“üzere, üzre”
] “Amaç, koşul, zamanda yakınlık, gibilik” anlamları katar.
Sorunu halletmek üzere gidiyorum. (amaç, için)
Kitabı yarın vermek üzere alabilirsin. (şartıyla, koşul)
On dakika konuşmak üzere kürsüye çıktı. (için, amaç)
Acele edin, güneş batmak üzere. (zamanda yakınlık)
Konuştuğumuz üzere yarın buluşacağım. (gibilik)
] Bu edatın üzerine ek gelebilir:
Tam da yola çıkmak üzereydik.
“-E göre”
Yönelme hâl ekiyle birlikte kullanılır, yani bu eki almış kelimelerden sonra gelir.
Kendi üzerine de ek alabilir.
] “Görelik, uygunluk, yönünden, bakımından ve karşılaştırma” anlamları katar.

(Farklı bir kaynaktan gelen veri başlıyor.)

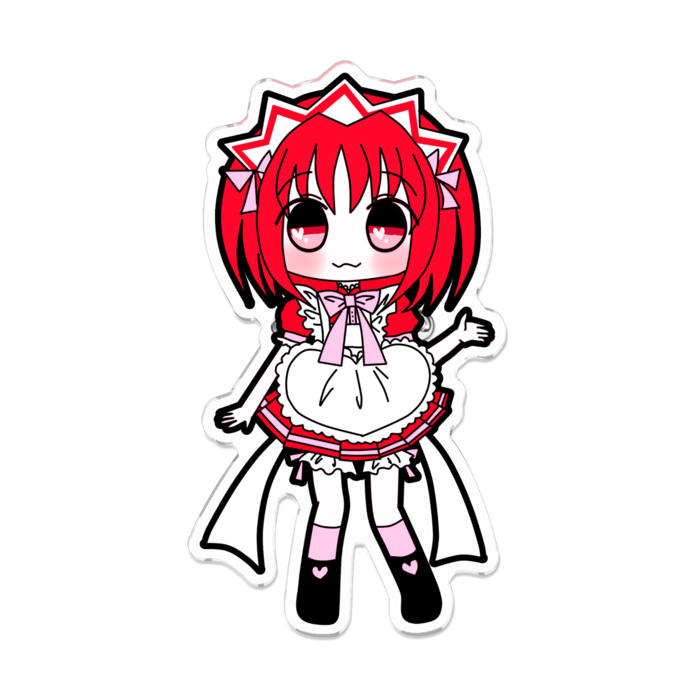 アクリルバッジ - 100 x 100 (mm)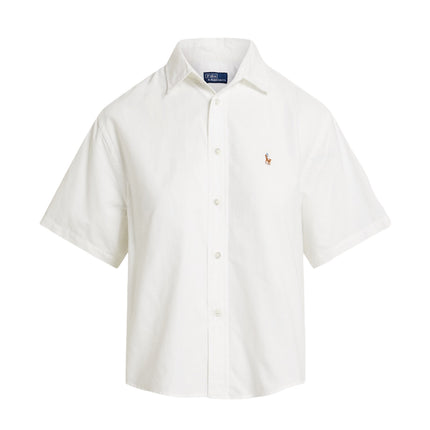 Polo Ralph Lauren Women's Cotton Oxford Short-Sleeve Shirt White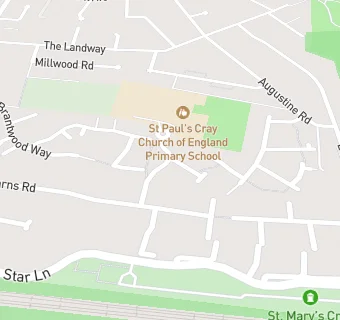 map for St Pauls Cray Church Of England Primary School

Başbakana göre enflâsyon düşük. (açısından)
Ayağını yorganına göre uzat. (bakarak, ölçüsünde, uygunluk, kadar)
Allah dağına göre kış verir. (uygunluk)
Anlatılanlara göre ikisi de suçluymuş. (bakılırsa, yönünden)
Siz bana göre daha gençsiniz. (karşılaştırma)
Kemal, Hasan’a göre daha uzundu. (karşılaştırma)
Bana göre ayakkabınız var mı? (uygunluk)
] “-cE” eki bu edatın yerini tutabilir.